Le Tribunal Administratif de Montpellier a rejeté la requête de M. C..., ressortissant marocain, qui contestait l'arrêté du préfet de l'Hérault retirant son titre de séjour "travailleur saisonnier", refusant un titre "salarié", et l'obligeant à quitter le territoire avec une interdiction de retour d'un an. Le tribunal a écarté le moyen tiré du défaut d'examen particulier de sa situation. Il a jugé que le préfet avait pu légalement opposer l'absence de visa long séjour, requis par l'article L. 411-1 du code de l'entrée et du séjour des étrangers et du droit d'asile, pour refuser le changement de statut, sans méconnaître l'article 3 de l'accord franco-marocain. La solution retenue est le rejet de l'ensemble des demandes d'annulation et d'injonction.
Le Tribunal Administratif de Montpellier a rejeté la requête de Mme A... contre l'arrêté préfectoral du 30 juin 2025 lui refusant un titre de séjour et l'obligeant à quitter le territoire. La requérante invoquait notamment une atteinte à sa vie privée et familiale (article 8 de la CEDH) et à l'intérêt supérieur de son enfant (article 3-1 de la CIDE). Le tribunal a estimé que l'arrêté était suffisamment motivé et que Mme A..., en situation irrégulière depuis 2021 et déjà visée par une précédente mesure d'éloignement, ne justifiait pas d'une intégration ou de liens familiaux suffisamment stables en France pour faire obstacle à son éloignement. La solution retenue est le rejet de la demande d'annulation, sans qu'il soit besoin d'examiner les autres moyens.

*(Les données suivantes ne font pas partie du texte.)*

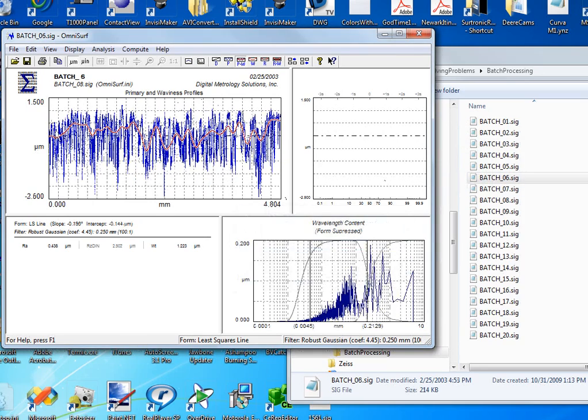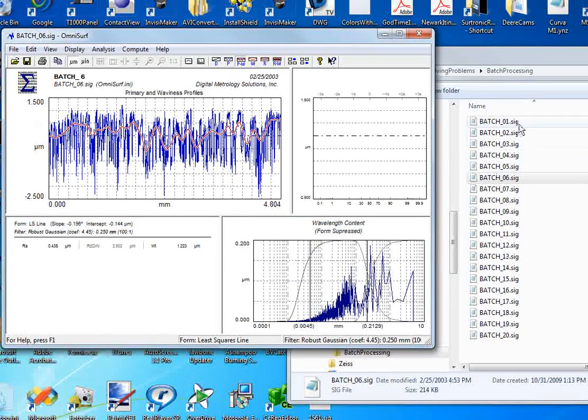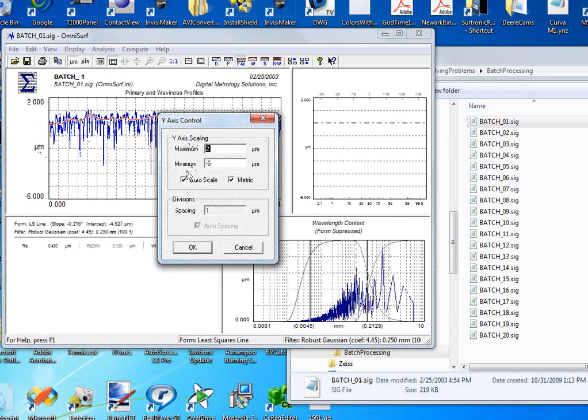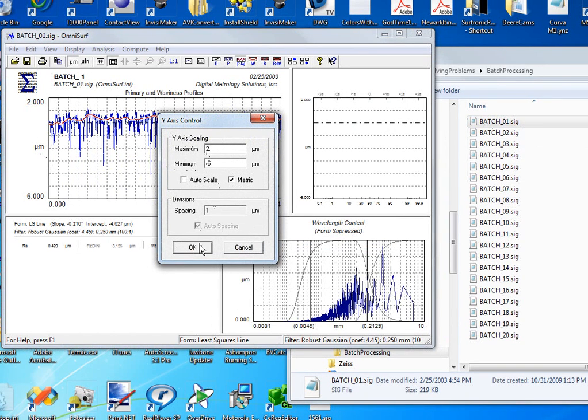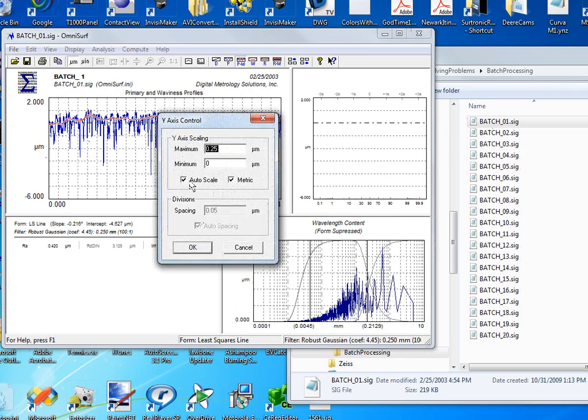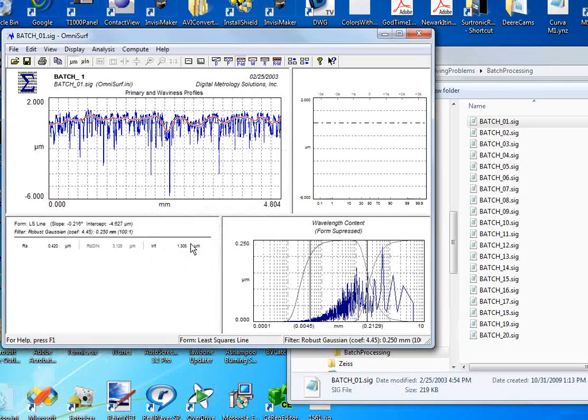Now as I've done this, you'll notice that my scale has been changing. So let's double-click over here and lock it at that 2 to negative 6 micrometer scale, and I'm going to double-click my wavelength content graph just so it doesn't move around as well.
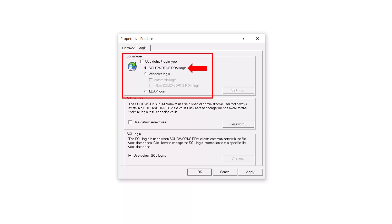First, we will see SolidWorks PDM Login. This login type is the only available option for PDM standard users and requires the admin to create users for each person who needs access to the Vault. These accounts only exist within the SolidWorks PDM environment. The user will log in using the username and password defined by the admin.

Le Tribunal Administratif de Montpellier a rejeté la requête de M. E..., ressortissant algérien, qui contestait un arrêté préfectoral du 10 juillet 2025 l'obligeant à quitter le territoire français sans délai avec une interdiction de retour de deux ans. Le tribunal a écarté le moyen d'incompétence de l'auteur de l'acte, estimant que la signataire disposait d'une délégation régulière. Il a également jugé que les moyens tirés de la méconnaissance de l'article 6-5° de l'accord franco-algérien et de l'article L. 435-1 du CESEDA étaient inopérants, l'arrêté ne constituant pas un refus de titre de séjour. En l'absence d'illégalité de l'obligation de quitter le territoire, la demande d'annulation de l'interdiction de retour par voie de conséquence a été rejetée.
Le Tribunal Administratif de Montpellier a rejeté la requête de M. A..., ressortissant malien, qui contestait l'arrêté préfectoral du 3 juin 2025 l'obligeant à quitter le territoire français. Le tribunal a estimé que l'arrêté était suffisamment motivé et que le préfet avait procédé à un examen circonstancié de sa situation. Il a jugé que M. A... ne justifiait pas d'une présence ancienne et stable en France ni de liens familiaux et privés suffisamment caractérisés, notamment avec sa fille. En conséquence, la mesure d'éloignement ne méconnaissait ni l'article 8 de la Convention européenne des droits de l'homme ni l'article 3 de la Convention internationale des droits de l'enfant, et n'était pas entachée d'erreur manifeste d'appréciation.